How does the java grammar do things that are invalid for me?

krux02 · October 20, 2023, 2:57pm

I am trying to implement a grammar for a custom language and therefore I try to understand the .grammar data structure.

Specifically, I do want to have keyword tokens, so I did try Lezer System Guide. But I don’t really get what that abstract is saying. It’s conflating the keyword tokens with other stuff, and when I tried to just have a keyword token, I got the following error:

  Identifier { letter identifierChar* }
  Operator { $[-.+*/=!?<>&|:%$~^]+ | @specialize<Identifier , "and"> | @specialize<Identifier, "or">  }

Unrecognized expression type in token I don’t know what that means.
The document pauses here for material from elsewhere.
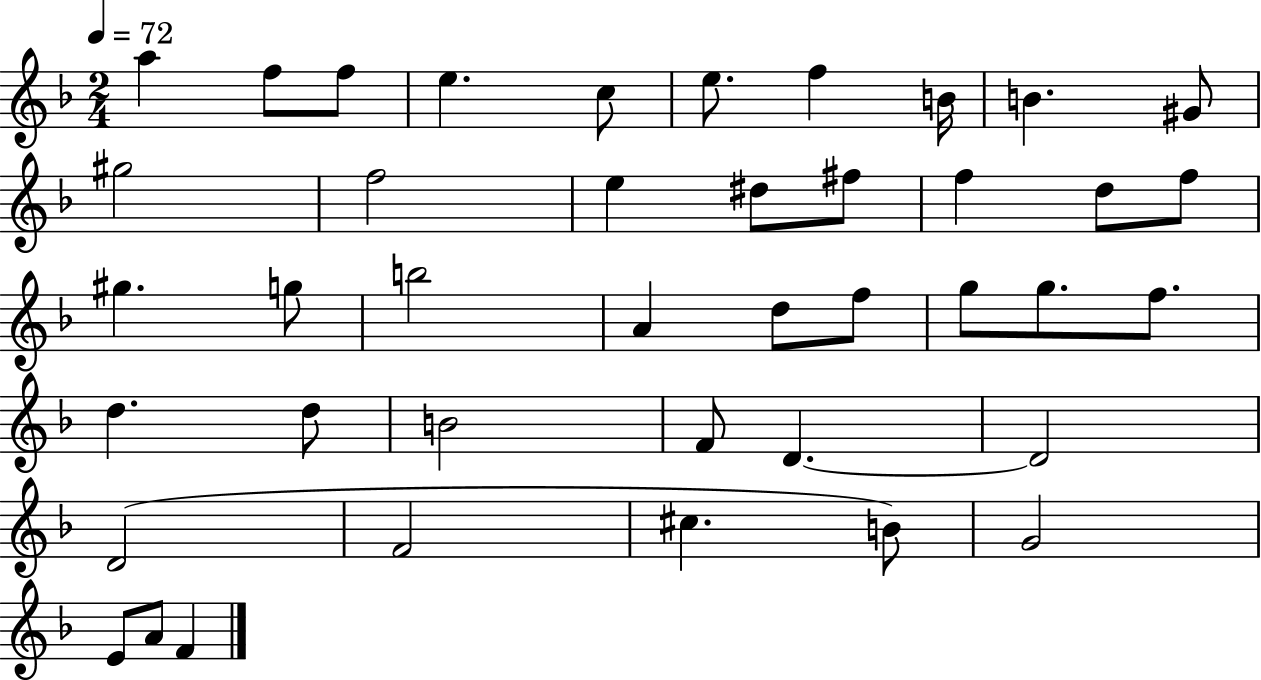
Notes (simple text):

A5/q F5/e F5/e E5/q. C5/e E5/e. F5/q B4/s B4/q. G#4/e G#5/h F5/h E5/q D#5/e F#5/e F5/q D5/e F5/e G#5/q. G5/e B5/h A4/q D5/e F5/e G5/e G5/e. F5/e. D5/q. D5/e B4/h F4/e D4/q. D4/h D4/h F4/h C#5/q. B4/e G4/h E4/e A4/e F4/q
So I thought maybe a copy paste solution from another language for features that are similar in my language might be a good idea. So I copy paste things from here: https://github.com/codemirror/google-modes/blob/master/src/java.grammar

but when I put kw(value)="keyword" { value !identifierChar } in my code I get Unexpected token '('.

At this point I feel stuck and I don’t know what to do. Are you able to help me here?

marijn · October 20, 2023, 3:39pm

You cannot use @specialize in a token rule. You have to use it from a nonterminal rule.

krux02 · October 20, 2023, 5:34pm

But then, how do I get keywords as tokens?

marijn · October 20, 2023, 5:59pm

Look at how the other grammars are doing it (for example the Java grammar).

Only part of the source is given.